(Short text fragments from websites)
—————
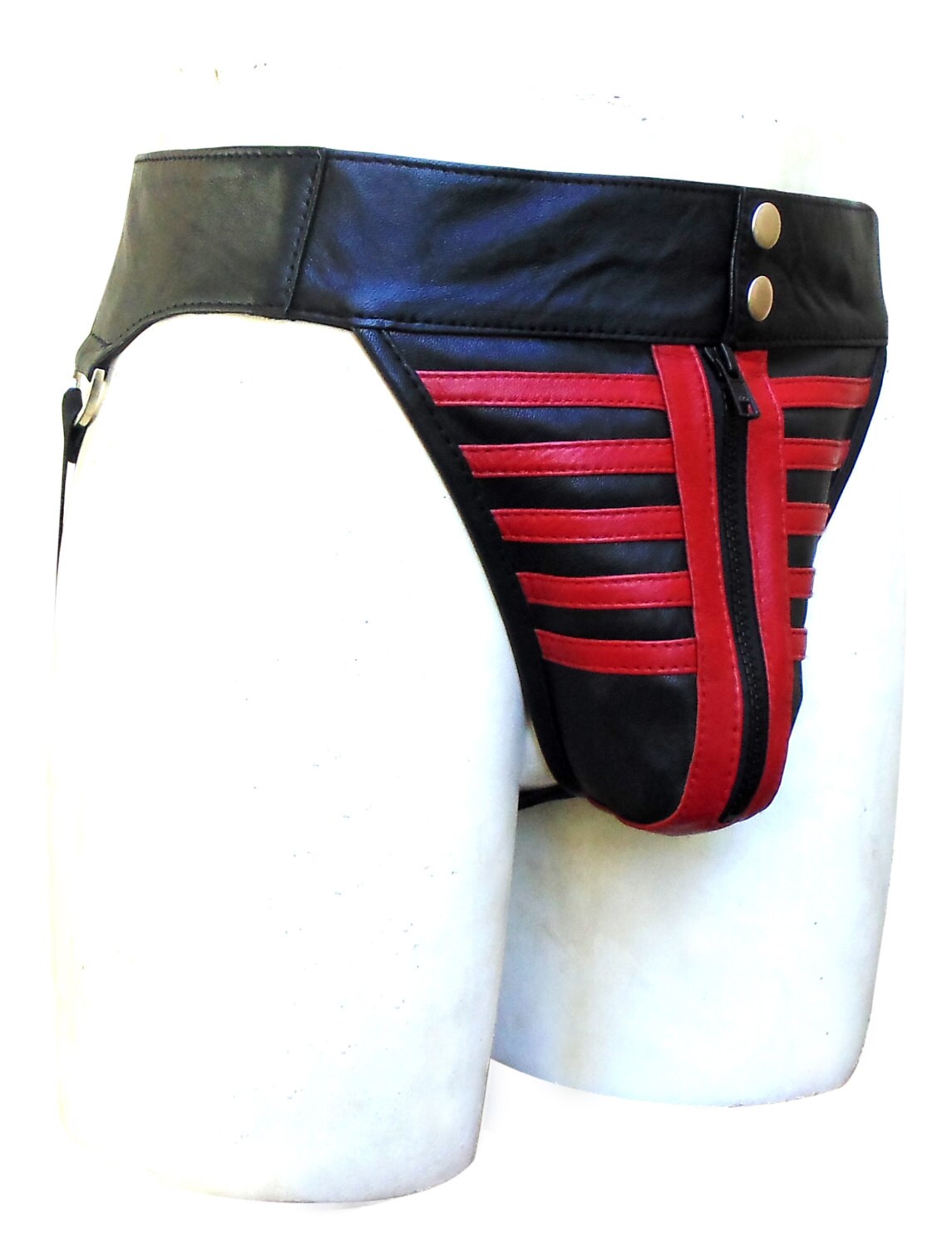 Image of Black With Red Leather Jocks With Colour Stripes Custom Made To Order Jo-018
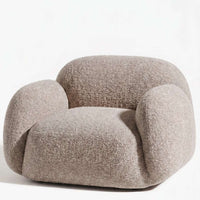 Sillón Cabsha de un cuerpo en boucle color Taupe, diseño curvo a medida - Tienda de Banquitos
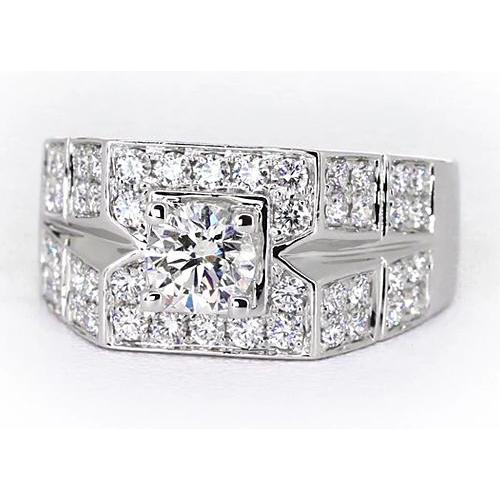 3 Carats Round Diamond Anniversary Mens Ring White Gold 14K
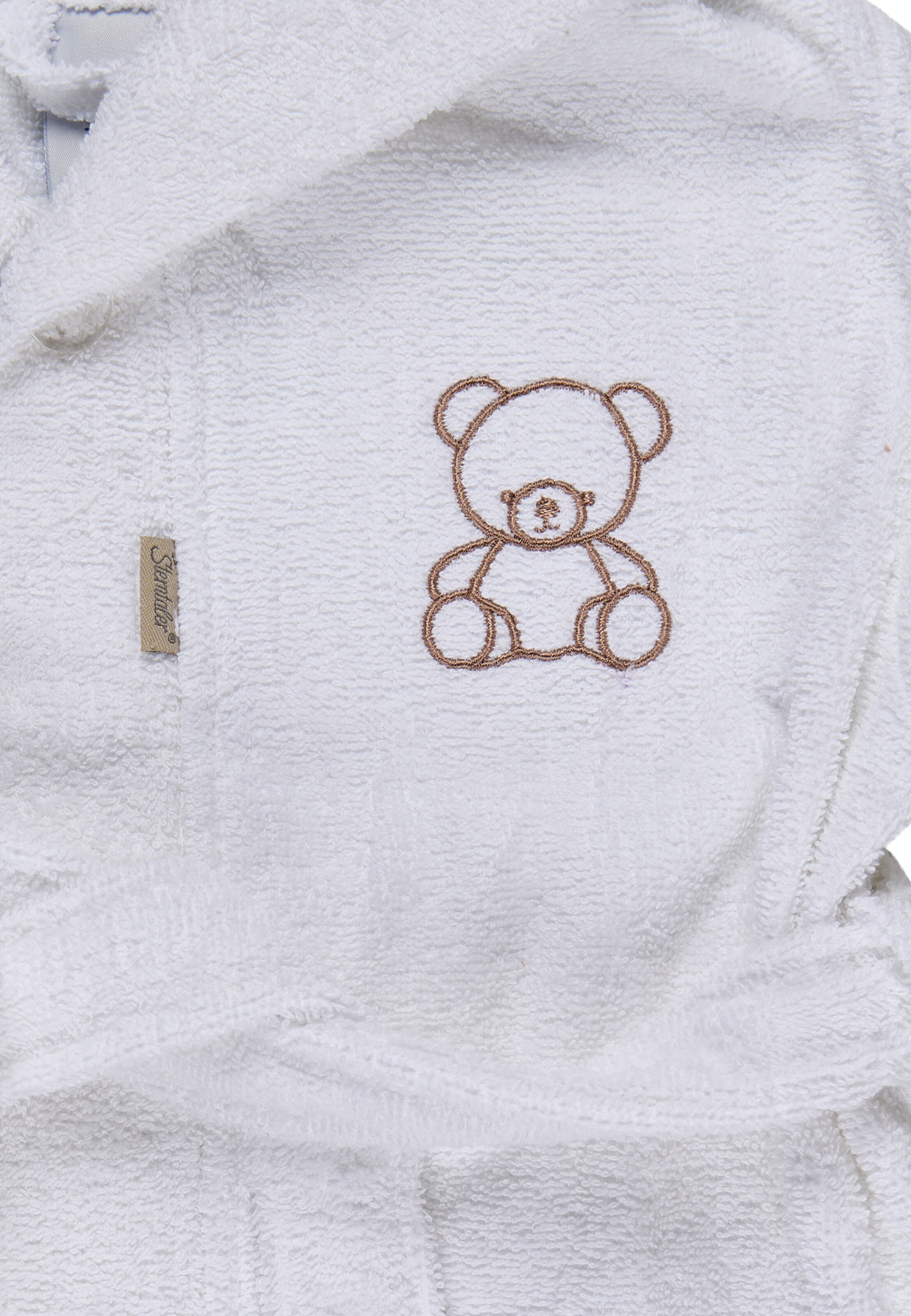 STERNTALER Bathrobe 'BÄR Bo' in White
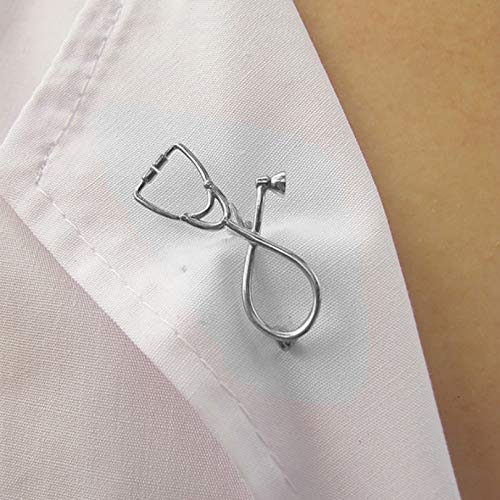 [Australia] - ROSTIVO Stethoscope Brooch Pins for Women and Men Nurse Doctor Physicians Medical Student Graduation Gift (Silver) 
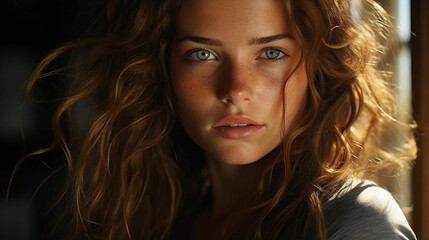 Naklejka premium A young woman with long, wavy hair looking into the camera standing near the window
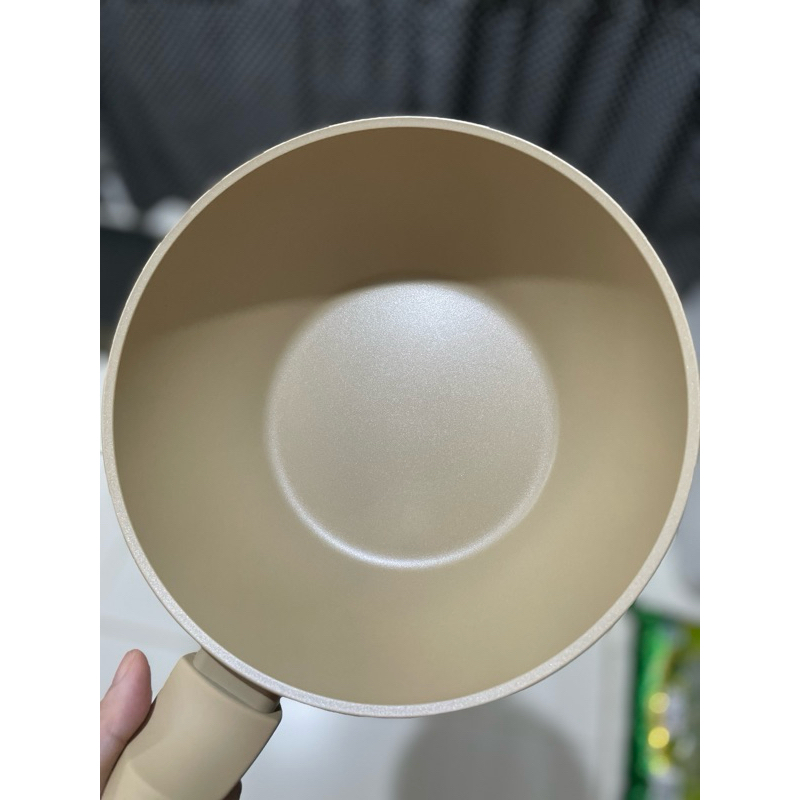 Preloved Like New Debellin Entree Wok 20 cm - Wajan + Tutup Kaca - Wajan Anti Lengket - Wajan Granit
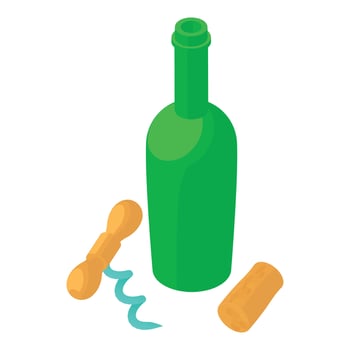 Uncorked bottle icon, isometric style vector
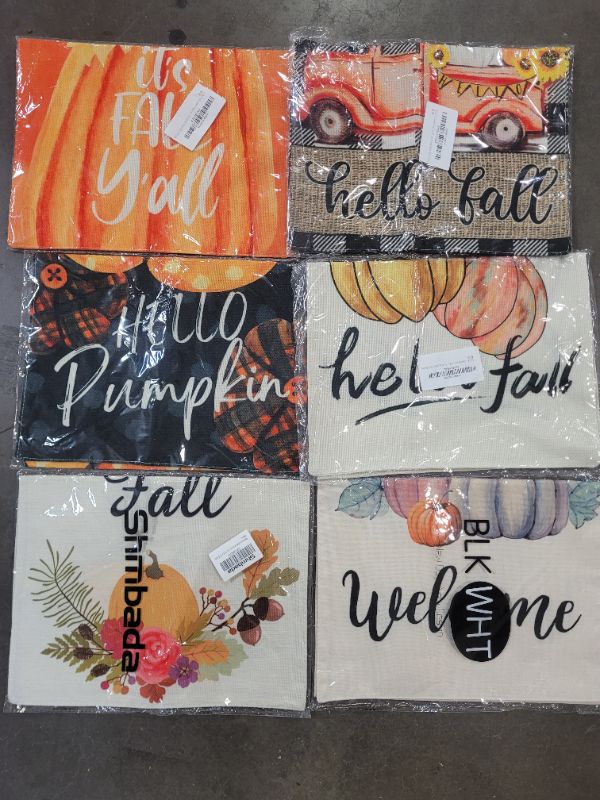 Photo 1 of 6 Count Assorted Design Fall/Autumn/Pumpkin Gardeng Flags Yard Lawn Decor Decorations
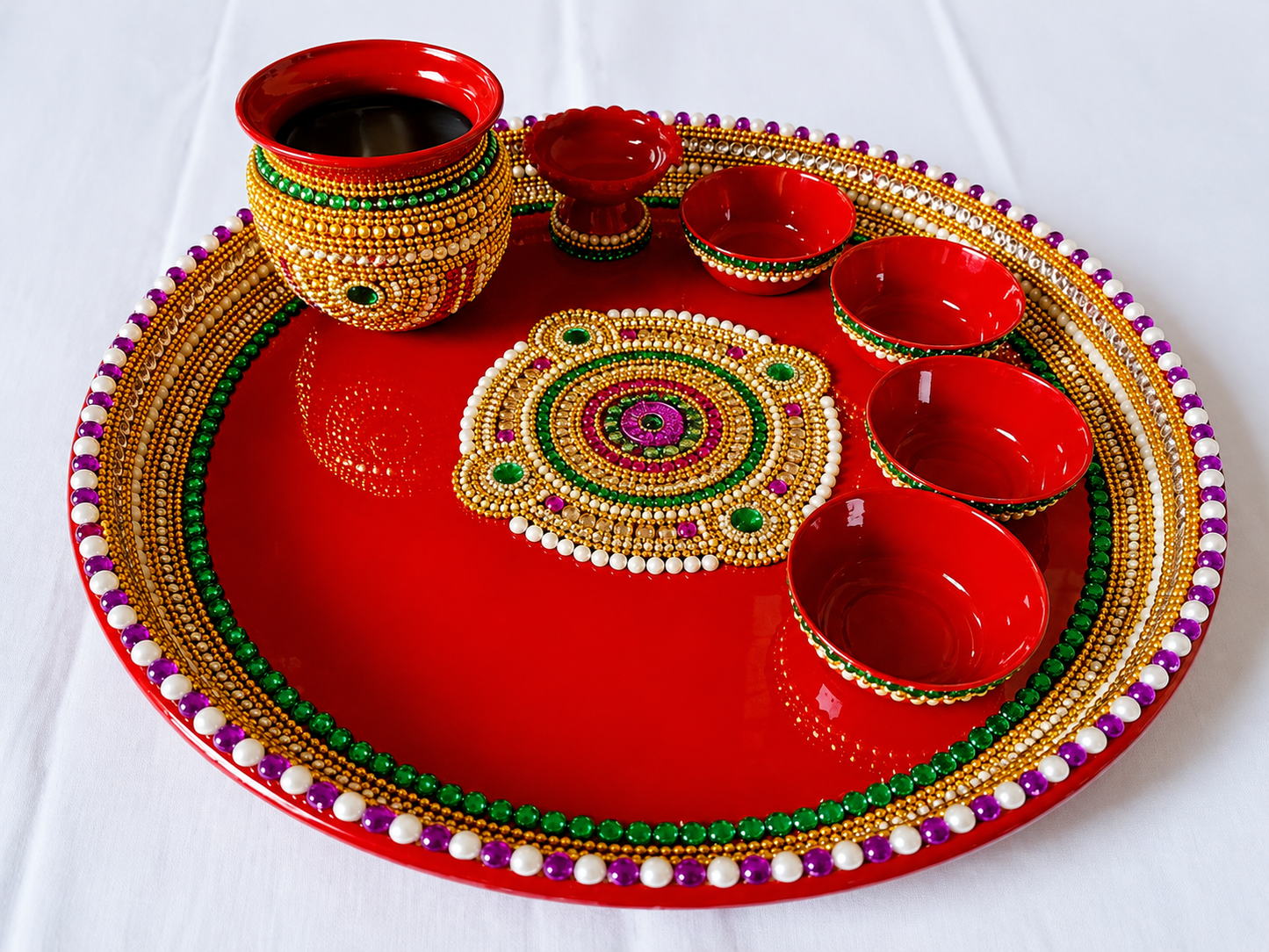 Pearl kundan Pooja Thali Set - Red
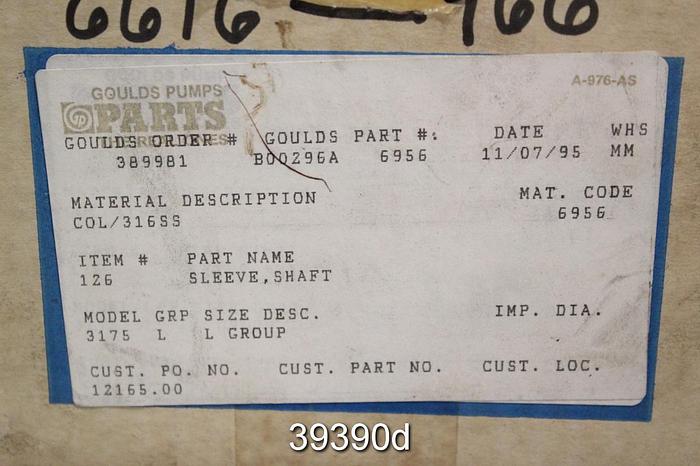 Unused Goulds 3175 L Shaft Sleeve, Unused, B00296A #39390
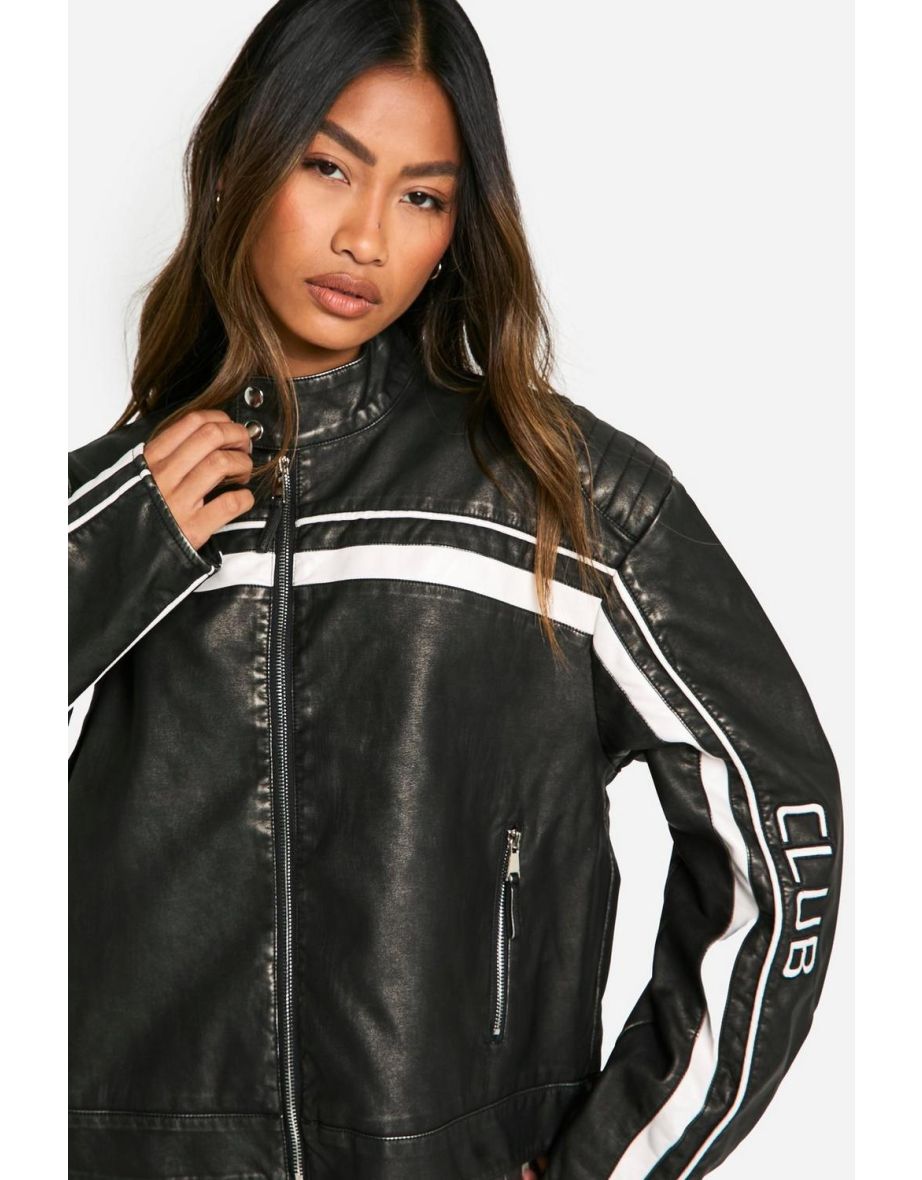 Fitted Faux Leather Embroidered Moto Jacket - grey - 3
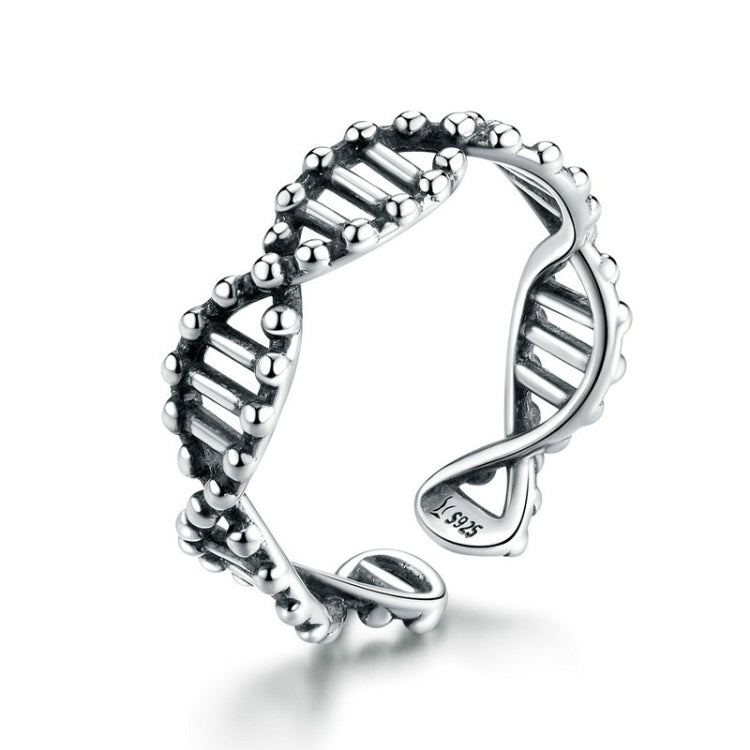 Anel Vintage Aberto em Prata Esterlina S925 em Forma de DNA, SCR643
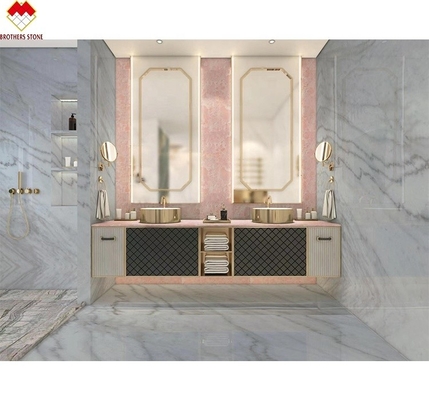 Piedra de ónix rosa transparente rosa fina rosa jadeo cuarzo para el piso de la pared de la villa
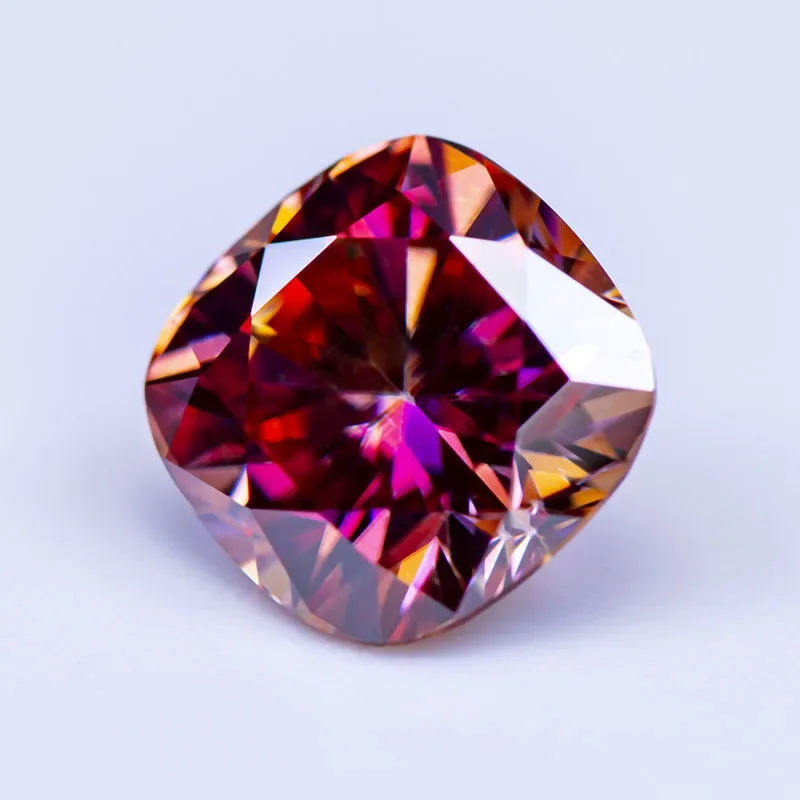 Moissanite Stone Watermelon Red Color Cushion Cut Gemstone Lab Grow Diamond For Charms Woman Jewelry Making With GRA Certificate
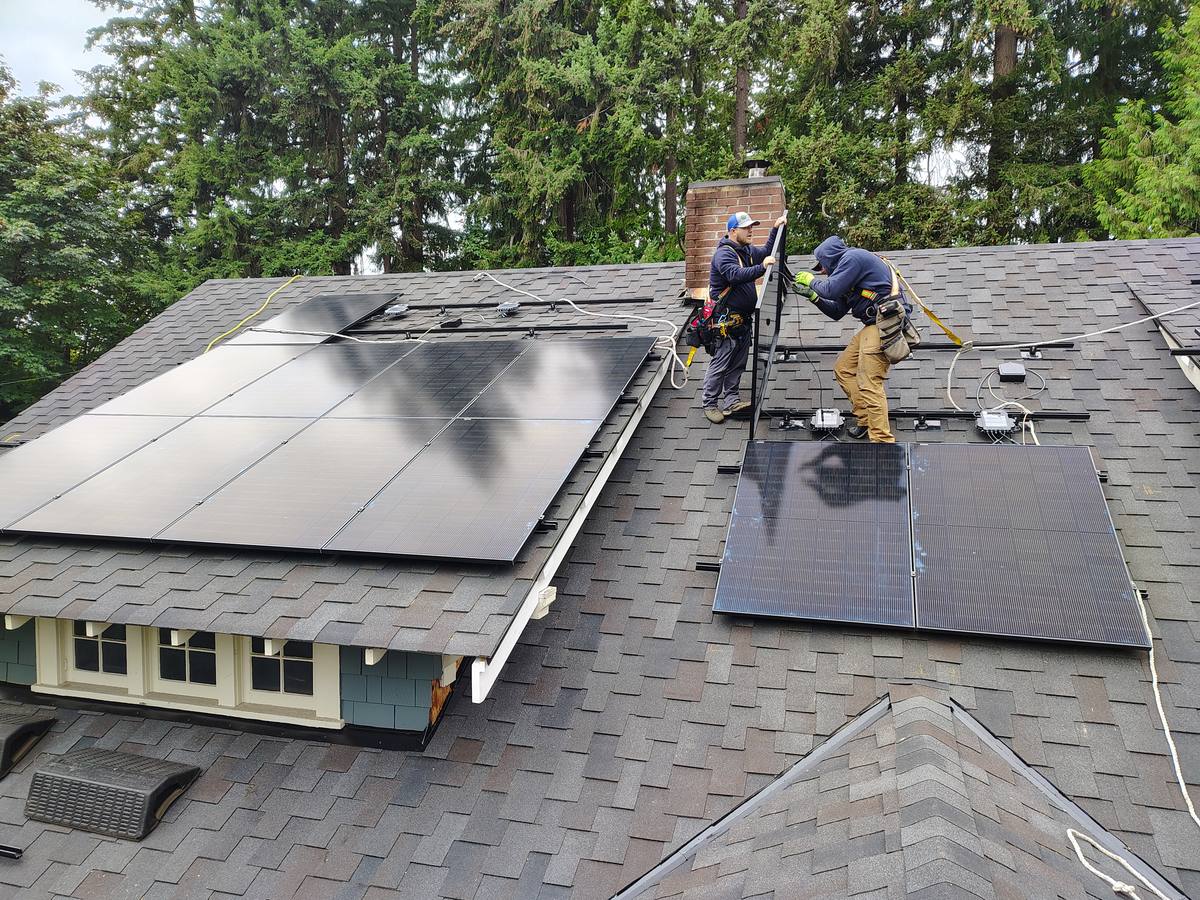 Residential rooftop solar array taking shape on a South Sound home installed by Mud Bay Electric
—————
— Exercise objective —
Without the pictures, retype exactly the lines from the one that holds "Preloved Like New" to the last line of the data above, both of them included.

— Answer space —
 Preloved Like New Debellin Entree Wok 20 cm - Wajan + Tutup Kaca - Wajan Anti Lengket - Wajan Granit
 Uncorked bottle icon, isometric style vector
 Photo 1 of 6 Count Assorted Design Fall/Autumn/Pumpkin Gardeng Flags Yard Lawn Decor Decorations
 Pearl kundan Pooja Thali Set - Red
 Unused Goulds 3175 L Shaft Sleeve, Unused, B00296A #39390
 Fitted Faux Leather Embroidered Moto Jacket - grey - 3
 Anel Vintage Aberto em Prata Esterlina S925 em Forma de DNA, SCR643
 Piedra de ónix rosa transparente rosa fina rosa jadeo cuarzo para el piso de la pared de la villa
 Moissanite Stone Watermelon Red Color Cushion Cut Gemstone Lab Grow Diamond For Charms Woman Jewelry Making With GRA Certificate
 Residential rooftop solar array taking shape on a South Sound home installed by Mud Bay Electric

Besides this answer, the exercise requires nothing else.